• [Information provided]:
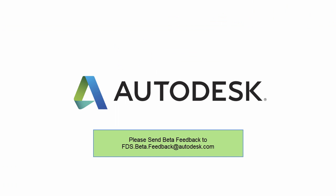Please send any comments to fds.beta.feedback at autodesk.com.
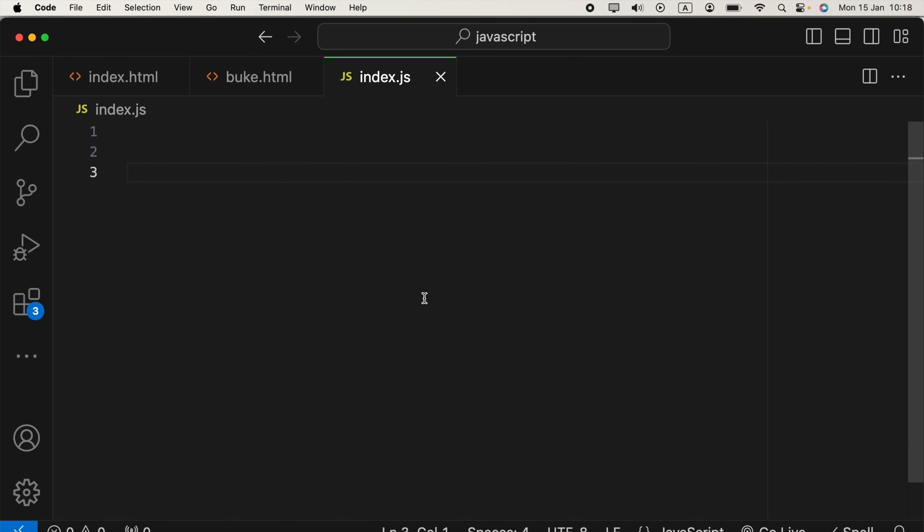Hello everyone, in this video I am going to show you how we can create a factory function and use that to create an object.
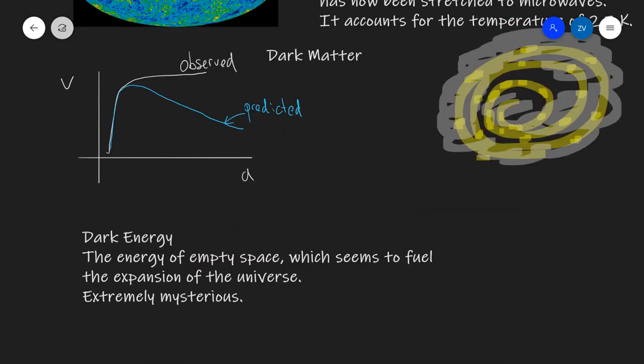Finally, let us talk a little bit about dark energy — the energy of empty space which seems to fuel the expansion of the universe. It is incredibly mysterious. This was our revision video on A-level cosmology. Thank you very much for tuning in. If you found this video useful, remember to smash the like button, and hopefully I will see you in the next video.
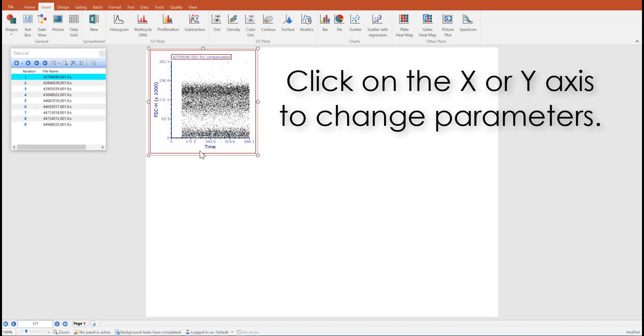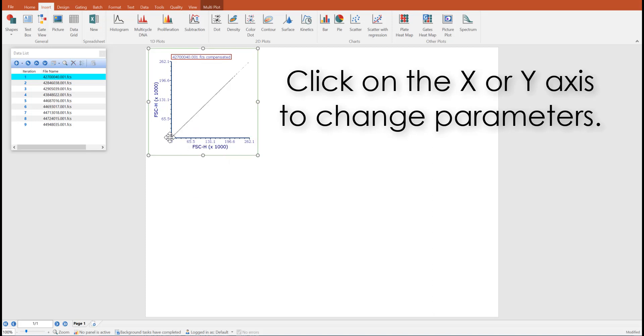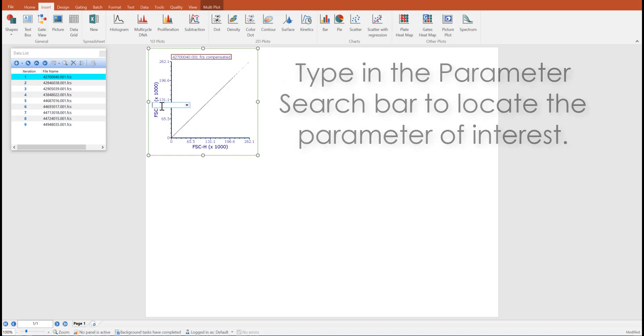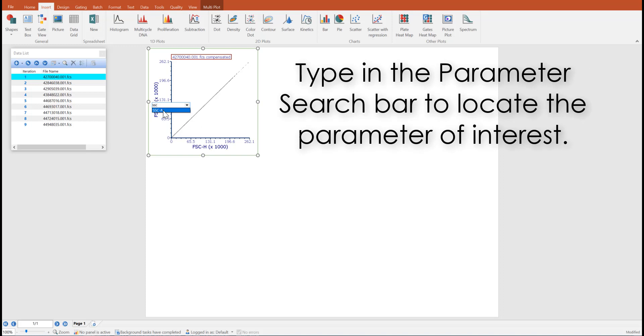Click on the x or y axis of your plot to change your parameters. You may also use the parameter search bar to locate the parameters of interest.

• [Assigned task]:
Each line of the data is to be duplicated exactly; pictures stay out of the copy.

• [Response area]:
Please send any comments to fds.beta.feedback at autodesk.com.
Hello everyone, in this video I am going to show you how we can create a factory function and use that to create an object.
Finally, let us talk a little bit about dark energy — the energy of empty space which seems to fuel the expansion of the universe. It is incredibly mysterious. This was our revision video on A-level cosmology. Thank you very much for tuning in. If you found this video useful, remember to smash the like button, and hopefully I will see you in the next video.
Click on the x or y axis of your plot to change your parameters. You may also use the parameter search bar to locate the parameters of interest.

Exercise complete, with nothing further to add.